Product Management

Solving Customer Pain Points: Leveraging AI/ML for Effective Product Solutions

Created on:

April 19, 2024

Updated on:

April 19, 2024

5 mins read

Solving Customer Pain Points: Leveraging AI/ML for Effective Product Solutions

If you play several instruments at once, people look at you like you're crazy. 

If you tell them you're a product manager or CEO in a SaaS company, they'll nod their heads in admiration. This is a strikingly different reaction to such similar things, right?

You know exactly how much it takes to be a successful product manager. Your team has to process a ton of data, collect customer feedback, and come up with awesome solutions to tackle customer pain points. And that's just to keep things running smoothly!

But, this chaos has led to innovations. More than 70% of US companies have adopted AI/ML in some form to level up different areas of their businesses. And you, as SaaS specialists, have pulled up a lucky card in this game.

Why? Because existing AI solutions can solve a whole range of tasks you deal with every day. 

Leveraging AI/ML for Customer Pain Point Solutions

AI-based solutions open up a whole new level of customer data analysis. On top of collecting and sorting through customer feedback, these advanced tools identify trends and patterns in customer behavior. Most importantly, they synthesize them into actionable customer insights. 

Let's take a closer look at the ways AI tools can help you in solving customer pain points.

Predictive Analytics

AI models use statistical techniques and machine learning algorithms to analyze historical data. Once they identify a particular trend in your consumer's behavior, it gets a score. If the score is high, then this behavior will likely happen in the future.

These insights could help you determine which features your users love the most, how they navigate your app, what issues they encounter, etc.

Let's take Grammarly, a language-checking solution, as an example. It uses AI to pinpoint the most common mistakes users make. These insights help the product team prioritize new features that will address customer pain points.

AI has also become a valuable tool for proactive issue resolution. One such solution is Zeda.io, an advanced AI product management software used by SaaS professionals. 

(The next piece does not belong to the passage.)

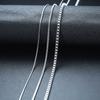 Mens Thin Box Chain Necklace,1/2/3MM Stainless Steel Chain Link Collars Gifts,Male Zircon,18 to 24 Inch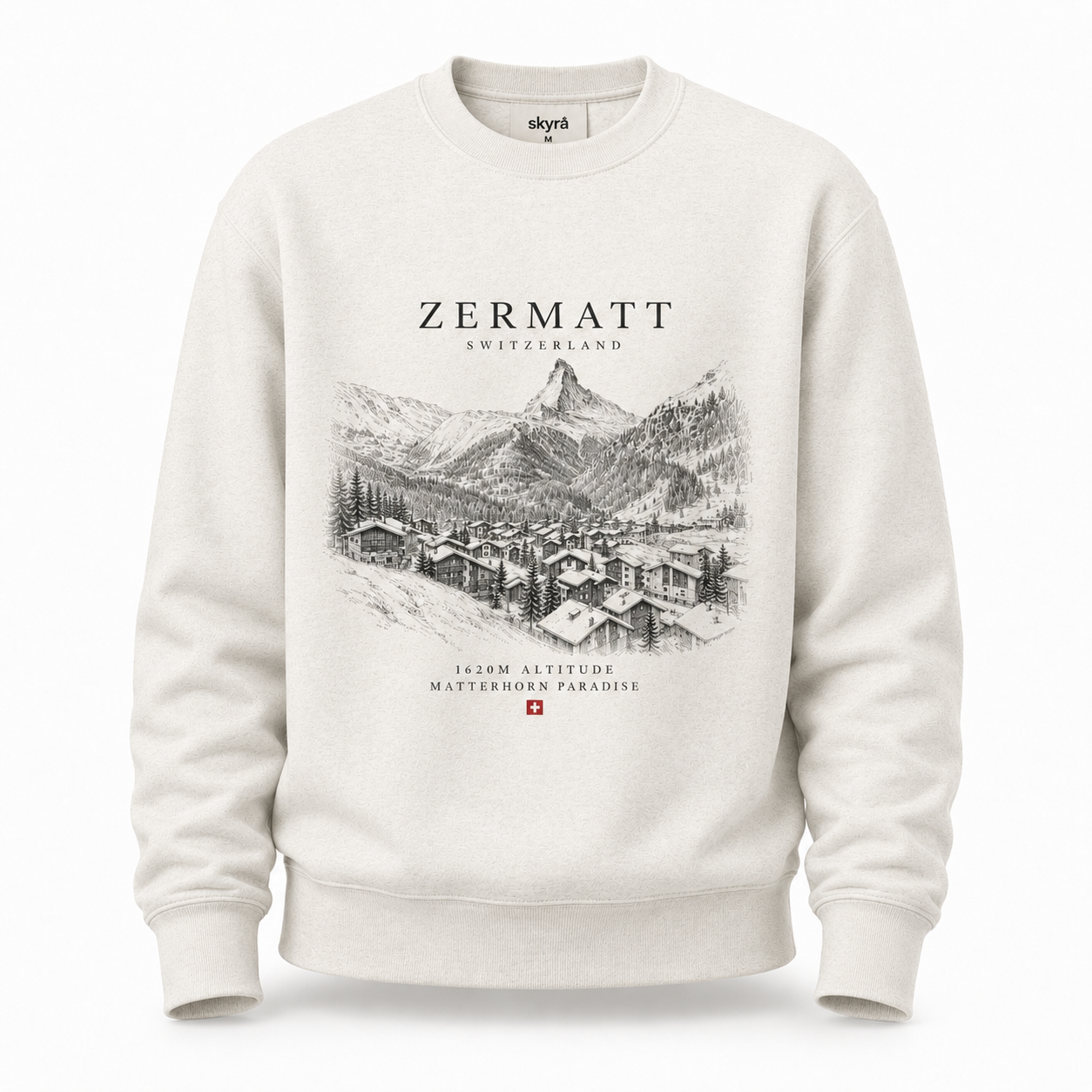 An off-white crewneck sweatshirt featuring a black line art graphic of Zermatt, Switzerland, with the text 'ZERMATT SWITZERLAND' and 'Matterhorn Paradise' printed on the front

It analyzes data sources like product feedback and support tickets to inform you of potential issues. This way, you can swiftly resolve frictions in customer experience and build a more user-friendly app.

Personalization through Machine Learning

Personalization gives your product a competitive edge. You probably know that a highly personalized solution addresses customer pain points with laser-focus accuracy and speed. But it takes a lot of work to build it in the right way.

The volume of data is enormous. It's easy to overlook important details, even if you have a basic analytical tool at hand. This is because the reports generated with these tools are often difficult to read.

Advanced AI-based tools are better at this task. They create reports that are easier to read and group users by their preferences, behavior patterns, and unique needs. As a result, you can offer them a personalized user journey that will help them get things done faster.

Simple example: Your product is a time-tracking app. If AI notices that a specific group of users prefers the Pomodoro timer over other features, you can make it a part of their default layout.

Chatbots and Virtual Assistants

Have you heard that users prefer to interact with real people? Recent stats debunk that common myth.

69% of consumers prefer chatbots for quick communication with brands. This is not a coincidence— 90% of businesses have reported faster complaint resolution with bots.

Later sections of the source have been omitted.